"""

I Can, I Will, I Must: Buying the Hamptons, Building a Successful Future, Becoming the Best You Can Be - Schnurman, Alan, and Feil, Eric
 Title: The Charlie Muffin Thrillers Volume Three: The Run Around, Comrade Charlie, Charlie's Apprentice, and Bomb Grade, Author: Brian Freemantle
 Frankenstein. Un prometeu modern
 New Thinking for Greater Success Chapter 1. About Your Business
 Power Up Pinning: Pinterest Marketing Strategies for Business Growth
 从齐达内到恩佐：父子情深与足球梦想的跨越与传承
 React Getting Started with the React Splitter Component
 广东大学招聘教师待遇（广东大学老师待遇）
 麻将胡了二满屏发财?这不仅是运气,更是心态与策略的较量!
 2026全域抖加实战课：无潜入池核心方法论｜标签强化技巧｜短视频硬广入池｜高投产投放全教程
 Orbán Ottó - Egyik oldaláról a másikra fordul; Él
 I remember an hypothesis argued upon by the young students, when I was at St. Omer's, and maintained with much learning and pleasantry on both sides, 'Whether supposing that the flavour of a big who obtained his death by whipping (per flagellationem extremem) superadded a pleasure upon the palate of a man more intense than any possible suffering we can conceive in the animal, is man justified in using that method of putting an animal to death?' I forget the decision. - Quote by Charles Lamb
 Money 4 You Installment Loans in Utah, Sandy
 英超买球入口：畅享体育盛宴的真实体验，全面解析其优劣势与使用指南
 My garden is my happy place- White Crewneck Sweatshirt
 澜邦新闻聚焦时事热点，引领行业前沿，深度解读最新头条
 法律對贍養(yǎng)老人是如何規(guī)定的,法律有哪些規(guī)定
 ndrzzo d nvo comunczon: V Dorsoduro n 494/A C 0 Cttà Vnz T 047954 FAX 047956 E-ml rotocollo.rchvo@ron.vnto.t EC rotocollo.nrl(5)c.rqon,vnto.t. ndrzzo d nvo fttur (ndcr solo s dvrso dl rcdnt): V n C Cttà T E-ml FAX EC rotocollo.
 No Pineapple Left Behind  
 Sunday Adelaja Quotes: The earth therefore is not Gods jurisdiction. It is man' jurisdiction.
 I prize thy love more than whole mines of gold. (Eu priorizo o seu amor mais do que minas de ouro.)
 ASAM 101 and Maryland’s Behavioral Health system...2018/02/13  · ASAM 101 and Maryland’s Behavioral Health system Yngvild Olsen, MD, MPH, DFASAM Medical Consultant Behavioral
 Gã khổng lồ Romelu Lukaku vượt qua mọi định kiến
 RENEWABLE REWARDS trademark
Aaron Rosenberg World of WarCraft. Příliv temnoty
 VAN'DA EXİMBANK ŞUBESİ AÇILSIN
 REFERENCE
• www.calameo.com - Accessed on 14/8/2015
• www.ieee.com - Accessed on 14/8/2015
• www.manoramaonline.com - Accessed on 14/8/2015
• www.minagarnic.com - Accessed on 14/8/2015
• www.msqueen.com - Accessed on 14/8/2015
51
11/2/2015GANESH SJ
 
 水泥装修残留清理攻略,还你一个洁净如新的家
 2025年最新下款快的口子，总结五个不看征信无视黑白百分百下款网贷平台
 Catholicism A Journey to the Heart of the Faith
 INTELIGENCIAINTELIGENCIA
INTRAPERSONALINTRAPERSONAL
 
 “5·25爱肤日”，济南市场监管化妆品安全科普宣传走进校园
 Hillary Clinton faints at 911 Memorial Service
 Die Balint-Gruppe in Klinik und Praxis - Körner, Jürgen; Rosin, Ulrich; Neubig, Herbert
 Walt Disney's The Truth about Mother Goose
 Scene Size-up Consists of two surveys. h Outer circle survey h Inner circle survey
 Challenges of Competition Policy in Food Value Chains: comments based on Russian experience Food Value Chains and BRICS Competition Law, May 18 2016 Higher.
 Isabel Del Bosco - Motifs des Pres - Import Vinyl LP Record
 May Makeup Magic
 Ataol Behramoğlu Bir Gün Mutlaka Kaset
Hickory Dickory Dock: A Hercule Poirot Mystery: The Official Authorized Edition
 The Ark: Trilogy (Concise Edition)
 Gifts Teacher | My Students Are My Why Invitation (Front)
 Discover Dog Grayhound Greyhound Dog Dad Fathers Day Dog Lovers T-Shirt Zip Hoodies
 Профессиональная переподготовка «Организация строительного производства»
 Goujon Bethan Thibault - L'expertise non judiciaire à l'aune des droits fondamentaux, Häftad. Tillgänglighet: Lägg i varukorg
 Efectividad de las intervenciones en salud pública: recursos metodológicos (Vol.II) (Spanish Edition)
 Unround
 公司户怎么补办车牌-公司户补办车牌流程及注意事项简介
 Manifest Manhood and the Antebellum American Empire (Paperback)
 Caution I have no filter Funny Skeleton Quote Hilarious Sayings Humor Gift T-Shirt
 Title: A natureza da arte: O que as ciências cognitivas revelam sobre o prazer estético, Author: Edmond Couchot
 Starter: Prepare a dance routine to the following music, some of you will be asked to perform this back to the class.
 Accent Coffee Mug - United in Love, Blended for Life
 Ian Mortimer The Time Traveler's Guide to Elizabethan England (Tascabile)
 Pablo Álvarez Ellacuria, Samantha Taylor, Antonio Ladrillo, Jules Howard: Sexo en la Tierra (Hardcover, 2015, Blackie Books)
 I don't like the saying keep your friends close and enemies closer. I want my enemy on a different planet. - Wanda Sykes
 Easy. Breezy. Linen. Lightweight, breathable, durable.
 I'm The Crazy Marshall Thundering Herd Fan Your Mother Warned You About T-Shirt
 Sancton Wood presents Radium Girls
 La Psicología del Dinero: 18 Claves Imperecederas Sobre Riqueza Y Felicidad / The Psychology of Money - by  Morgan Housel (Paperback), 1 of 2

"""

§ **Work to be completed**
Using the data above, tally each line that contains "Mother". Write only the total.

§ **Answer to this task**
2